Set out exactly, line by line, the stretch of data below that begins at the line containing "GARRETS MILL - Residential Lease" and ends at the line containing "Guest house Herzogberghof Kindberg", with both ends kept.

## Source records
··········

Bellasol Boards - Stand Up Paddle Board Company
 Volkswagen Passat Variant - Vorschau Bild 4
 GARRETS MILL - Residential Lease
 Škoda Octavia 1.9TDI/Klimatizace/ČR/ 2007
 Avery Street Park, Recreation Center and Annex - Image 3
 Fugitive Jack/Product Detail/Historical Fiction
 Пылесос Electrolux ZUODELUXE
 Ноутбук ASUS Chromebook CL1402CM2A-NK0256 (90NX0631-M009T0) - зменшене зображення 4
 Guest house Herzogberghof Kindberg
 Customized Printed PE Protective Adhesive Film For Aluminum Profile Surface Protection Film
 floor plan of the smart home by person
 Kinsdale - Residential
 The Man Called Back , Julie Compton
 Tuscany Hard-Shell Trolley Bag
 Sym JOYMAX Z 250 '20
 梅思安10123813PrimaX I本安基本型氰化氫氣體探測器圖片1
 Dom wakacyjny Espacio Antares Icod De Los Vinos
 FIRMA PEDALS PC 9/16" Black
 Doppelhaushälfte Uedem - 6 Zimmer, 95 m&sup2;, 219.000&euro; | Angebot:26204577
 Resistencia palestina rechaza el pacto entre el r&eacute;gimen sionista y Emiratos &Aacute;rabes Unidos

··········

## WORKED SOLUTION
 GARRETS MILL - Residential Lease
 Škoda Octavia 1.9TDI/Klimatizace/ČR/ 2007
 Avery Street Park, Recreation Center and Annex - Image 3
 Fugitive Jack/Product Detail/Historical Fiction
 Пылесос Electrolux ZUODELUXE
 Ноутбук ASUS Chromebook CL1402CM2A-NK0256 (90NX0631-M009T0) - зменшене зображення 4
 Guest house Herzogberghof Kindberg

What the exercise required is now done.